Good Afternoon Everybody,

I hope everybody liked yesterday's lighting tutorial [link]. I know it ran a little long, almost 30 minutes, but I wanted to give you the complete picture (no pun intended) of how versatile reflected light can be on your shoots. It really is a powerful lighting technique.

Canadian Imaging Hey gang, you won't believe it. I got a call yesterday from the Professional Photographers of Canada [link] about their CanadianImaging conference held in Banff next year [link]. For the last few years I've been receiving tons of requests from our Canadian photog friends to bring my programs northward.

Well, good news - we are wrapping the final details to make that happen. The dates are April 16-20.  Here is their website right here for all the details. My program info should be up on their site by next week. I'll keep you posted. I'm really excited to be visiting the Canadian friends of DPT.

"The One That Got Away - Episode #6"

I continue to get emails thanking me for running this series. Thank you as I enjoy writing it too. That said, I’ll keep it coming your way for the next several weeks. Today's post has to do with how the lighting could have been enhanced to really add some sizzle to the image.

Let's first take a look at the first image.

One Away 1

Here is what I like about this image:

1- It is nearly perfect in pose and composition. I like that the maker has the shoulders turned in one direction while her head is turned in the other.

2- The subject placement is right where it needs to be. The bride is positioned with her head in "nodal point #2.

3- Notice too how the lines of the steps in the distance lead  ones eye directly to the bride.

4- Exposure is nicely balanced between the background and the subject.

All well done. So what would I have done differently?  Hit the “Read More…” link below for the rest of the story.

Here is where I would make a few adjustments to the image.

1- Lighting is completely flat on the bride's face. I would say it was coming from an on camera flash. See how the on camera flash flattens the details so much. With so much going for this image, that would be the first place I would begin.

2- OK, what would I have done to improve the lighting? Off camera flash or a reflector could have done the trick. Be sure to review the last image in this post where I show exciting lighting on the bride.

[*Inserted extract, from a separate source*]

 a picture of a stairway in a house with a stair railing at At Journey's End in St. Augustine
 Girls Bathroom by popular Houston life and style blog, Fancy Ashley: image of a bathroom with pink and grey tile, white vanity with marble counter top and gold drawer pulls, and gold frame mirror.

3- This is a very fine point, but I think the bride's left hand could have been posed a bit more gracefully. My suggestion is to have the bride hold the veil with her thumb and middle finger which is what the photog did in this example. Only her hand looks like a “claw” and is unattractive. The final finesse is to have the bride flatten the hand a bit and extend the index finger slightly.

4- One final point, with the bouquet as far forward on the bride's dress, a nasty shadow would have been cast on the dress had off camera light been used. My suggestion is to be aware of where the shadows are going to fall, and reposition the bouquet accordingly pulling it back slightly.

OK, now let's look at our second image.

One Away 2

I know what you're thinking, "It sure looks like the first image to me." And you would be right in thinking that. These images were made during my Master Class this past spring. I was demonstrating how we use reflectors to create a key light or main light on the bride.

I had basically set up the photograph after which the students stepped in and tried to duplicate my image. The second shot is somewhat an improvement on the first in so far as we see a directional light on our bride. A little work in Lightroom could have enhanced it a bit more.

Now look at the third image. This is the one I made.

One Away 3 1- Notice how I refined the hand position of the bride's right hand.

2- Notice how the direction of light, the sun bounced off of a super silver reflector back into the bride's face, really enhanced the image from what we experienced in the first image.

3- Notice too, how the contrast in the third image is better controlled as compared to the second image. What did I do differently? I simply used my on camera flash as a fill light. I dialed the power output down about 2 stops, and set it to "high speed sync" to accommodate the faster shutter speed I was using.

4- A tweak or two in Lightroom to fine tune density and color finished the job.

As you can see from today's discussion, it's really the small things that make a big difference in your final result. And it's understanding how to make these small improvements to your photographs that differentiates you from the composition.

It's your choice to be part of the crowd, or be a leader of the pack.


Hey gang, that's it for me today. We are super busy again today and I've to get back to my real job. Oh, just a quick note - I'm announcing a brand new FREE webcast tomorrow so be sure to stop back for all the details.

I'll see everybody tomorrow for another addition of Business Day Thursday.

Adios Everybody, David


  1. I really enjoy "The One that Got Away" series. It helps me to look more critically through the viewfinder before I shoot. Please keep them coming! :-)


  2. Mr. Ziser,

    I am really enjoying these posts. I am somewhat new to this whole process and have felt very rushed in situations of posing and shooting. Later on, when viewing the results, I really notice the small details. It is nice to know I am not the only one who misses them, but it also reminds me to take control and attempt to eliminate as many smaller problems during the shoot.

  3. Sorry Dave, but they eye is always drawn to the lightest part of the image, and in all these, those steps are brighter than your subject. Need to tone them down a bit so they're less of a distraction (even though, as you point out, they are a compositional element).